Most regular users will have noticed that last night you where unable to access the forum for much of the evening.
Having contacted the host (who's site was also down) at the time I have now received an explanation of the outage which apparently stemmed from a large distributed denial of service on another company using the same data center. This has now been resolved as of 1 am this morning and we have returned to normal operation without loss of data.
The was also a very short down time at 17.00 while I took a backup of the site as a precautionary measure, and there will be another very short amount of down time at 22.00 while the data center change over some hardware to further prevent re-occurrence.
For those interested a full transcript of the reply from the hosts is included below.
Dear Daniel Hutchinson (Canalworld),
First and foremost we would like to thank you for your patience yesterday and hope that you will accept our sincerest apologies for the prolonged network outage. We fully appreciate the impact this issue will have had on your business/website/email and would therefore like to reiterate that we will be doing everything in our power to ensure something of this nature does not occur again.
Preliminary analysis indicates that the original cause of the incident was a large DDOS attack targeted against one or more tenants, such as us, but not us, hosted within our datacentre facility. The attack was of such magnitude that the external IP transit and peering links were saturated, causing instability. This was then magnified by the sheer volume of traffic being directed from the core routers towards their internal switching platform.
Despite the datacentre policy of over-provisioning all switch and network link capacity, this volume of traffic was sufficient to disrupt their control protocols that normally ensure proper operation of the switches.
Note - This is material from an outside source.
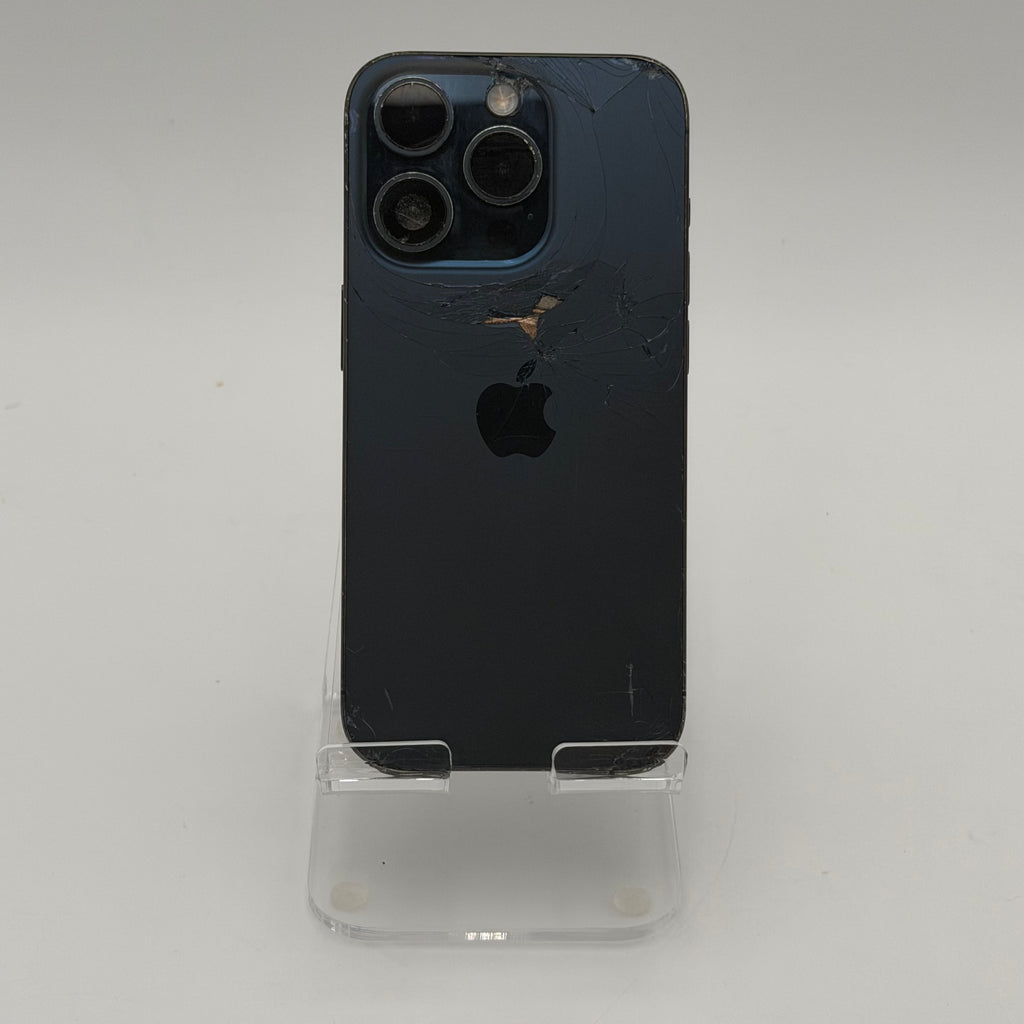 Broken Unlocked Apple iPhone 15 Pro - 128 GB - Back cracked- Crack screen - 82% BH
The network engineers worked quickly to null-route the DDOS traffic; however the induced instability within the switching network reintroduced problems and created others down-stream within their customer switching networks.
In order to contain the situation and restore normal operation, datacentre network engineers took the major step of shutting down segments of the core switching network and re-establishing each tenant connection (us being one) from scratch. This was ultimately successful, but entailed a large amount of reconfiguration and testing work which unfortunately took time and caused further intermittent packet loss and downtime for the large majority of our customers.
As of approximately 1:00 AM (GMT) datacentre engineers were able to restore full service. They have since decided that the quickest and most risk-free option for restoring full resiliency and adding additional network capacity is to bring forward planned maintenance to replace their existing core switches. Their network engineers will be working with J-TAC (Juniper Technical Assistance Centre) to complete staging of the new switches today, and will carry out emergency maintenance tonight (4th January) to perform the upgrade.
We anticipate this maintenance will commence around 2200 (10:00 PM GMT) and downtime should not exceed more than five minutes. We will issue an update once the network engineers confirm the time and an ALL-CLEAR update will be issued upon successful competition of this maintenance.
Once again, across the board we understand the negative impact that downtime can have on each and every customer. It is a nightmare for all parties involved and something that we take extremely seriously. And although what happened yesterday was extremely rare, we remain fully committed to doing everything possible to ensure that this will not happen again. performance improvements to all customers which will help mitigate similar issues in the future. We will announce these changes separate of this notification.
On behalf of our entire team we would like to thank you for your continued business and wish you the best moving forward in this New Year.
UK Web.Solutions Direct Ltd